Iran Is Not Venezuela, Regime-Change Skeptics Warn
With Khamenei dead, Trump implores surviving leaders to lay down arms, accept amnesty, or die

As U.S. and Israeli forces launched their joint offensive against Iran early Saturday, President Donald Trump called on the Iranian people to rise up and overthrow the country’s Islamic regime. “Take over your government,” he exhorted them. “America is backing you with overwhelming strength and devastating force. Now is the time to seize control of your destiny . . . This is the moment for action. Do not let it pass.”
That moment may be now, especially since Ayatollah Ali Khamenei, Iran’s Supreme Leader, is dead, killed in air strikes that devastated the presidential complex in Tehran, Trump declared on his Truth Social account. There’s been no word yet on other senior officials who may have been killed in the attacks.

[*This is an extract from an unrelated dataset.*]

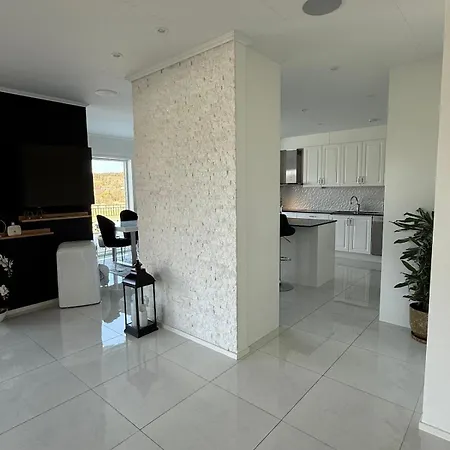 Exclusive And Luxurious With A View Of Nature Villa *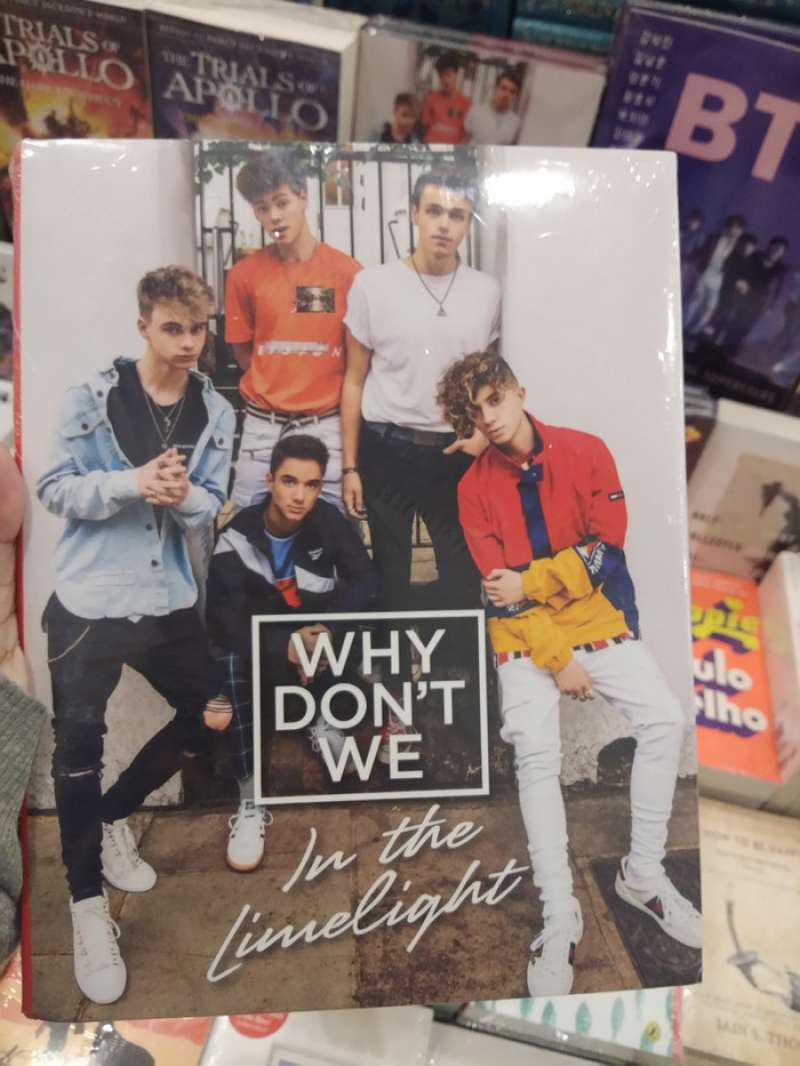 Promo Why Don't We: In The Limelight Diskon 25% Di Seller Huka Shop ...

Sources tell SpyTalk that the Trump administration’s intent resembles what happened in Venezuela in January—to lop off Iran’s unpopular clerical leadership and invite the next level of officials to cooperate with Washington, however repressive it may remain. Regime change, in other words, would not include opposition figures who’ve led the huge protests that have roiled the country for months. Any IRGC officials who lay down their arms would be offered “immunity,” Trump said when announcing the start of “Operation Epic Fury,” hinting that U.S. intelligence already has made such overtures to that effect. “So lay down your arms, you will be treated fairly with total immunity, or you will face certain death,” he said.